All hail the arrival of Crossrail

It’s four years late and has a cringe-worthy name, but I don’t care – the Elizabeth Line will make London better.

By Jonn Elledge

You learn, once you’ve lived in London for a while, that it takes an absolute minimum of 20 minutes to get to anywhere. The capital may have the sort of comprehensive and integrated transport system that makes those from elsewhere in the country furious about its privileges, but it is also very, very big. And so, after a while, you learn to either leave a lot of time to get anywhere, or you just commit to being fashionably late for everything, depending on how cool and/or considerate you are.

The reason I mention this is because, a few weeks ago, I got to try out the rail link formerly known as Crossrail, the first stage of which will finally open on Tuesday 24 May. And besides the stylish design of the newly dug stations and the beautiful new trains, the thing that stays with me most about the experience was quite how insanely fast it is. Travelling from Paddington to Canary Wharf — the entire length of central London, and then some — takes all of 17 minutes. From Paddington to Liverpool Street takes just ten. Cross-town journeys from West End to Docklands, City to Heathrow, are about to get a lot, lot faster.

Actually, that’s not the biggest surprise about the new line. The biggest is that, after all these years, it’s finally opening at all. Cross-London rail links of this sort have been discussed for about as long as the railways have existed, and the name Crossrail first appeared in a government planning document in 1974. Pamphlets first appeared at my local station, describing the new line and generally leaving me bouncing off the walls, some time in the early 1990s, but even then it took a change of government and another 15 years or so before anyone actually agreed to build it.

We were originally told, what’s more, that it’d open back in December 2018. For a long time Crossrail was the counter-example given whenever anyone said that it was inevitable that construction projects on this scale would end up behind schedule and over budget.

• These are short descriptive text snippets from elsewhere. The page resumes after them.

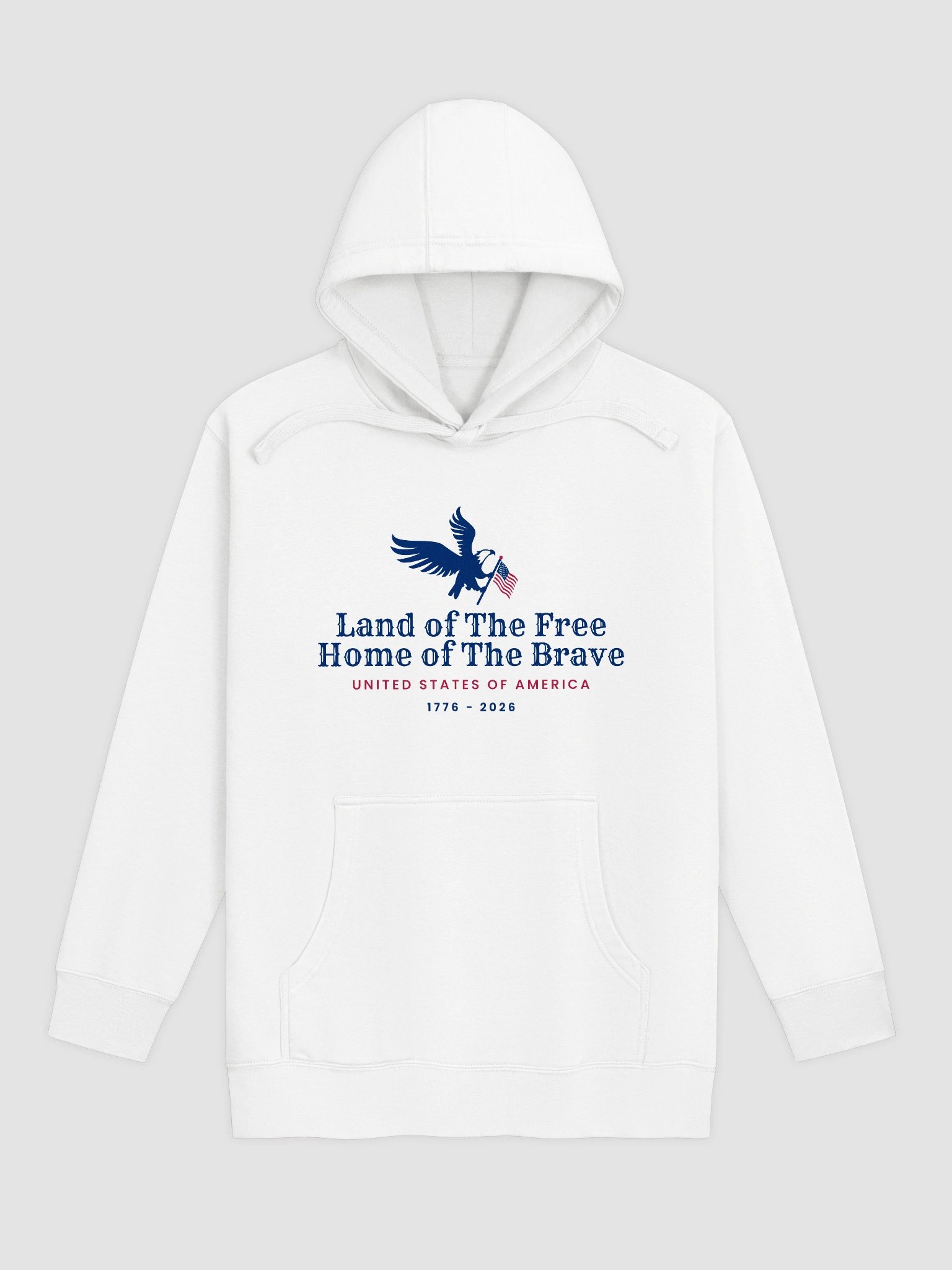 Land of The Free Unisex Hoodie product image (1)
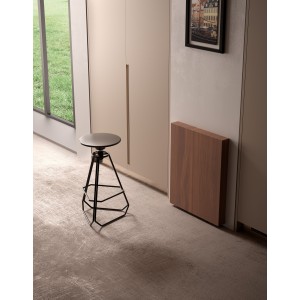 JUST PIANO A RIBALTA CON GAMBA SINGOLA ABBATTIBILE TELESCOPICA - ATIM 2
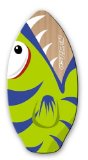 PROFESSIONAL OSPREY SKIMBOARD/ LARGE/ GREEN FISH / NEW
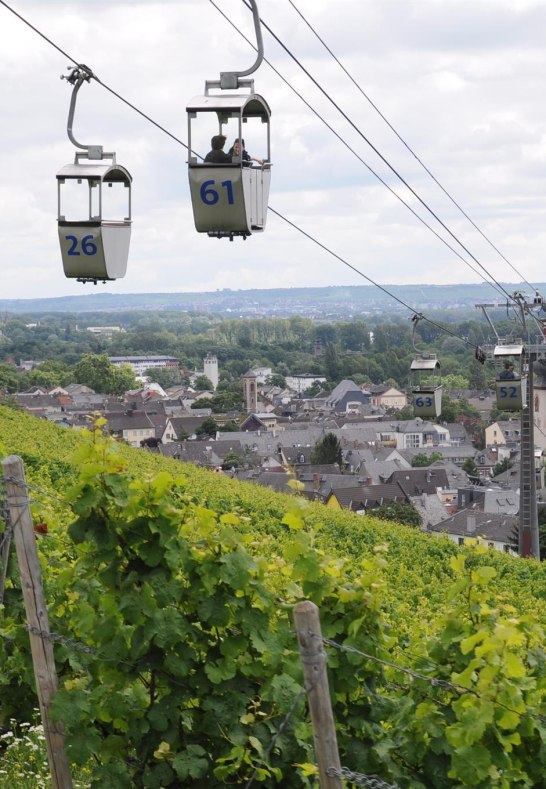 Seilbahn | © Hotel Krone Rüdesheim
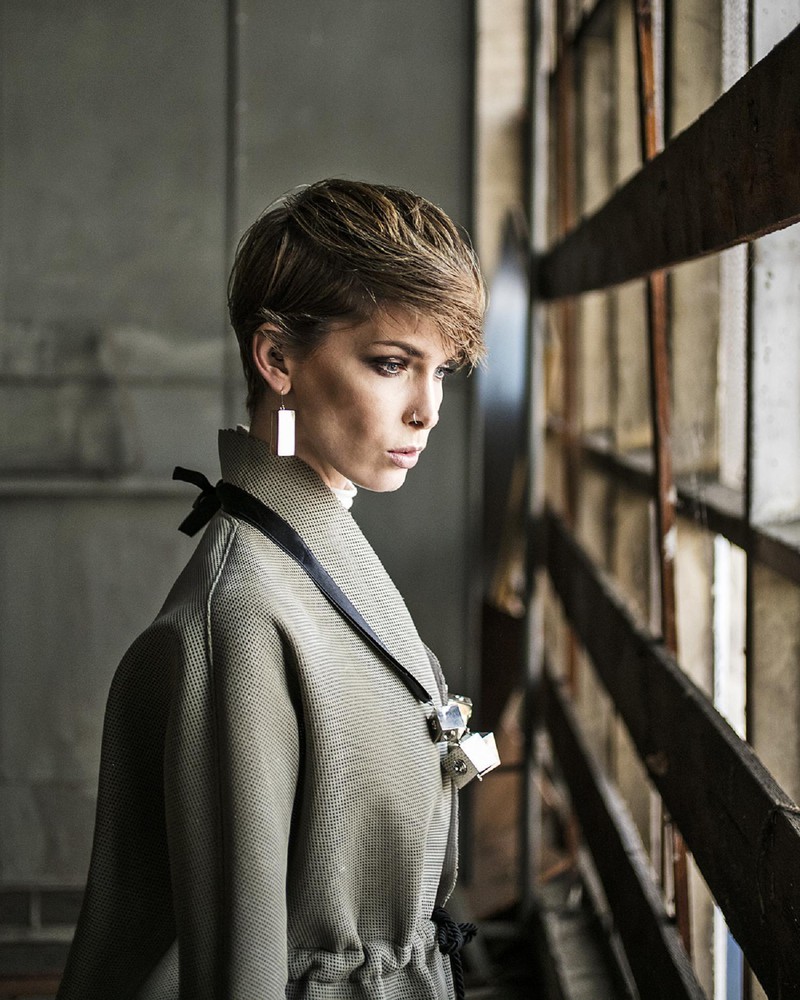 Concrete Dress - PHOTO BY DBLOG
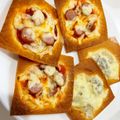 ちまえ's cooksnap of when they made 簡単♪ワンタンの皮でしらすチーズ焼き.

Then it turned out, in a hubris-to-nemesis arc that seems painfully inevitable in retrospect, that the line was both behind schedule and over budget. Walking the length of the line that September, it was suddenly blindingly obvious the shiny new stations were nowhere near finished. It says something unflattering about those of us who reported on such things that we hadn’t previously bothered to check.

Finally, though, it is here, and its speed is not the only way in which it will change the geography of the capital. New rail links in London have often affected where people live, work or socialise. The DLR helped to create modern Docklands, the Jubilee line extension opened up the South Bank and the creation of the Overground boosted places like Dalston and New Cross.

So over the next few years, I suspect, a new fast train to central London will mean a lot of people suddenly discovering the delights of previously unknown suburbs such as Forest Gate, Woolwich and Southall. The boroughs which have remained most resistant to London’s swing to the left, what’s more, are those on its eastern fringe. Two of them are served by the new line. Crossrail could do more for Labour’s prospects in Havering and Bexley than any number of door-knocking campaigns.

For all the excitement (that’s my word, and I’m sticking to it), there are two ways in which the new line is likely to prove at least a little controversial. One is that it’s a visible sign of the government’s willingness to pour money into the capital at a time when the entire country is broke. To some extent this is unfortunate timing — the new line received royal assent in July 2008, a few weeks before Lehman Brothers collapsed and our current, more austere era began — but nonetheless, it doesn’t look good.

The counter-argument, though, is that London needs this sort of investment if it’s to keep moving and thus keep making its current contribution to the national finances. Those in Leeds — to pick the place commonly cited as the largest city in Europe without any sort of a metro network — are right to point out that their city hasn’t even been allowed to build trams, leaving the locals reliant on overpriced, under-regulated and upsettingly infrequent buses. That, though, is an argument against the Treasury, not an argument against Crossrail: we should be investing in transport in other cities, too.

The other controversial thing about Crossrail is the name I’ve been studiously refusing to call it by. Although it was planned and built as Crossrail, it will be known officially as the Elizabeth Line. Since nationalisation in 1933, in fact, London has built three new underground railways, and named every one (Victoria, Jubilee, Elizabeth) after the royals.

And unlike Victoria when her own line opened in 1968, Elizabeth II is still alive. If memorialising dead royals can sometimes feel a little cringey, memorialising live ones feels just plain weird. But this, I suspect, will be far from the last thing we name after Britain’s longest reigning monarch over the next few years; maybe over time the name will come to feel normal.

Perhaps it doesn’t really matter anyway. In just over two weeks the central section, from Paddington to Abbey Wood, will open; by the autumn the suburban branches should be up and running too. Crossrail or the Elizabeth Line: whatever you call it, it’s arriving at last. And it’s going to be brilliant.